== EXERCISE MATERIAL ==

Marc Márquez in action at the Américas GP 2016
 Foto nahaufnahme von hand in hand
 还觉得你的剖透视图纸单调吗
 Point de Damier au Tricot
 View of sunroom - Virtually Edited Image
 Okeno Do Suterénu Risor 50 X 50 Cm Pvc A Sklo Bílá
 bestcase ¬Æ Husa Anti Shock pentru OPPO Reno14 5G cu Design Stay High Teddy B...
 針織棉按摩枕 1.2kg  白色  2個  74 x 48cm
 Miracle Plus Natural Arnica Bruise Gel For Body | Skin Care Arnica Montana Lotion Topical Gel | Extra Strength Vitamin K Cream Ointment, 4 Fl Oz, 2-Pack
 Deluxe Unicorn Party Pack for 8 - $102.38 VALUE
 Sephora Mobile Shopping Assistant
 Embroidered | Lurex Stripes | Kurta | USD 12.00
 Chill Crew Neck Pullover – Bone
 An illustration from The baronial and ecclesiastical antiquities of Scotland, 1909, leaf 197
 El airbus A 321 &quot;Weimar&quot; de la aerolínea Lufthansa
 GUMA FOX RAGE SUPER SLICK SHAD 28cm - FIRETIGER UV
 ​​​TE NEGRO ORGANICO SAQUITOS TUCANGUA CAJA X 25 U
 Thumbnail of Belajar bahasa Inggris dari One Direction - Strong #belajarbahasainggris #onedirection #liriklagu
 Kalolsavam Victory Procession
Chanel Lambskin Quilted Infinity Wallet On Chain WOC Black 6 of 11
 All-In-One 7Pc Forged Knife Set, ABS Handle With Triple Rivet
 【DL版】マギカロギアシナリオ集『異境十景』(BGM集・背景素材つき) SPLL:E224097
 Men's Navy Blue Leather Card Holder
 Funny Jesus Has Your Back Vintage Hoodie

===

If a line in the entries above contains "Pack", report it.

 Miracle Plus Natural Arnica Bruise Gel For Body | Skin Care Arnica Montana Lotion Topical Gel | Extra Strength Vitamin K Cream Ointment, 4 Fl Oz, 2-Pack
 Deluxe Unicorn Party Pack for 8 - $102.38 VALUE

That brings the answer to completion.